Fast pruning of arbitrary graphs.
Clone repository:
git clone https://github.com/fgvieira/prune_graph.git
and compile:
cargo build --release
To run the tests:
cargo test
./target/release/prune_graph --in input.tsv --out out.keep
or:
zcat input.tsv.gz | ./target/release/prune_graph > out.keep
To plot the graph (optional)
cat out.dot | dot -Tsvg > out.svg
If you want to get a full list of option, just run:
./target/release/prune_graph --help
As input, you need a TSV
file (with or without header) with, at least, three columns. The first two columns must be the node names (defining an edge), and an additional column with the edge's weight (can be specified with --weight_field
).
If you want to transform input data, you can use any CSV manipulation tool (e.g. Miller or CSVtk). For example, to use absolute values on column 5
:
cat test/example.tsv | mlr --tsv --implicit-csv-header put '$5 = abs($5)' | ./target/release/prune_graph --header [...]

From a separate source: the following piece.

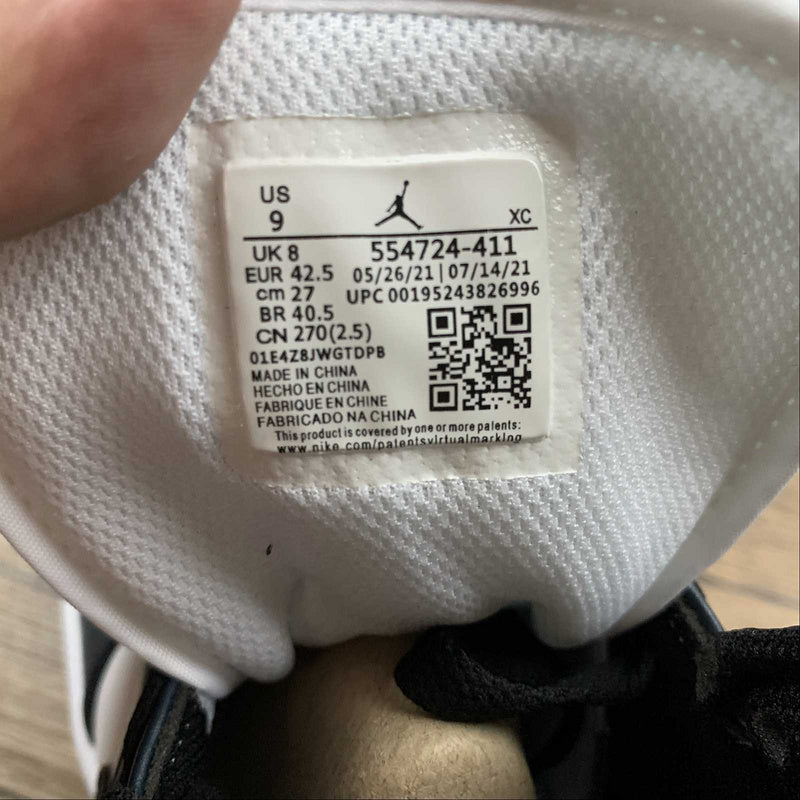 AJ1 Mid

To filter edges, you can use option --weight-filter
with any expression supported by fasteval. For example, to use column 7 as weight and only consider edges > 0.2
:
cat test/example.tsv | ./target/release/prune_graph --weight-field "column_7" --weight-filter "column_7 > 0.2" --out out.keep
or, if also wanted to filter on column_3 > 1000
:
cat test/example.tsv | ./target/release/prune_graph --weight-field "column_7" --weight-filter "column_3 > 1000 && column_7 > 0.2" --out out.keep
or, if you want to only use 0.1 < weight > 0.2
:
cat test/example.tsv | ./target/release/prune_graph --weight-field "column_7" --weight-filter "column_3 > 1000 && (column_7 < 0.1 || column_7 > 0.2)" --out out.keep
The output will be a list of the remaining nodes after pruning. Optionally, you can also get a list of the nodes that were removed (--out-excl
).